Clean it up in the yard
A new story begins! And I begin it with a page whose construction was not, in any sense, easy. I made a 3D model of the cottage based on a photograph then retro-fitted Mrs Clovis’ pre-existing downstairs floor into it, while making an upstairs to go over it. Then I superimposed a cross-section over the complete house, for the doll’s house effect. Then I had to actually draw it.
Patreon subscribers ($3/mo and up) can read the whole of Steeple #18 here, along with many other hi-res PDFs of recent, and older, work.
That toilet tool looks like an unbent wire hanger. Such an implement has been my go-to for cleaning out the bathroom sink drain for years, but for its ability to draw stuff upward, rather than use in breaking things up.
A bent coat hanger is a wonderful tool for toilet related disasters
An unbent and reconfigured coat hanger is a wonderful tool for many things.

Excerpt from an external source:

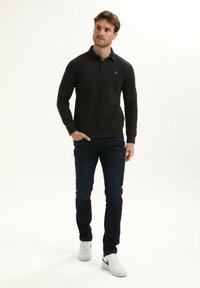 Zwarte lange mouw polo met een klein logo, gecombineerd met donkerblauwe jeans en witte sneakers, met een eenvoudig, strak ontwerp.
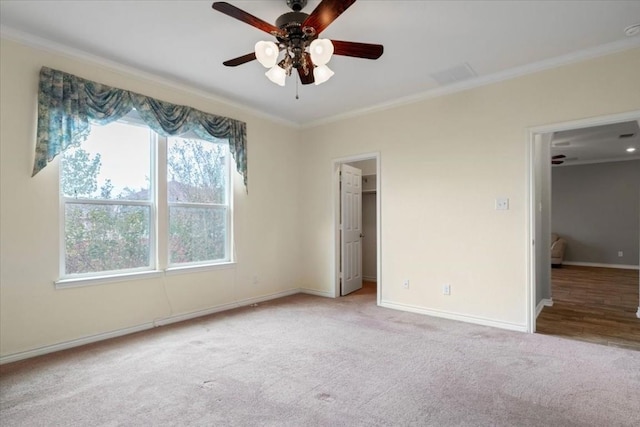 unfurnished bedroom featuring carpet floors, baseboards, ornamental molding, and a walk in closet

I suspect Mrs C should eat more fibre and no longer require the blockage clearance chopper (BCC) tool
At first I misunderstood what she was suggesting should be thrown out the window which I simply put down to some regional tradition along the lines of “Gardyloo!”, until I read it again…
Thank you for clearing that up! I did think it was an unexpected instruction 😆
He knows his way around loos – Mags should get Brian to install a macerator.
By way of apology… y’know… in case Mrs C ever finds out about the party she definitely didn’t have.
Now watch- Mrs Clovis will surprise us all by telling Maggie she SHOULD host a party there while Mrs Clovis is away.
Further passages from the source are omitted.